Remedies for breach of contract The principal remedies for breach of contract are: (a) damages; (b) specific performance of the contract; and (c) injunction. When a contract has been broken, the party who suffers by such breach is entitled to receive, from the party who has broken the contract, compensation for any loss or damage caused to him thereby, being loss or damages which naturally arose in the usual course of things from such breach or which the parties knew, when they made the contract, to be likely to result from the breach of it. Such compensation is not to be given for any remote and indirect loss of damage sustained by reason of the breach. The same principle applies for determining damages for breach of an obligation arising from quasi-contract. In estimating the loss or damage arising from a breach of contract, the means which existed of remedying the inconvenience caused by the non-performance of the contract must be taken into account. This is referred to, as the duty to mitigate. Illustration A stipulation for increased interest from the date of default may be regarded as a stipulation by "way of penalty", if the amount is excessive.

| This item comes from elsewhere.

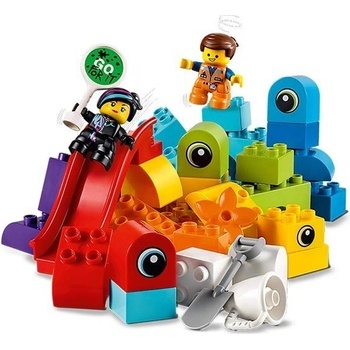 LEGO® DUPLO® 10895 Emmet Lucy a návštěvníci z DUPLO® planety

The court is empowered to reduce it to an amount reasonable in the circumstances. Specific performance and injunctions In certain special cases dealt with in the Specific Relief Act, the court may direct against the party in default "specific performance" of the contract, that is to say, the party may be directed to perform the very obligation which he has undertaken, by the contract. This relief is awarded only in exceptional cases. That Act also deals with permanent injunctions. Temporary injunctions are governed by the provisions of order of the Code of Civil Procedure, 1908.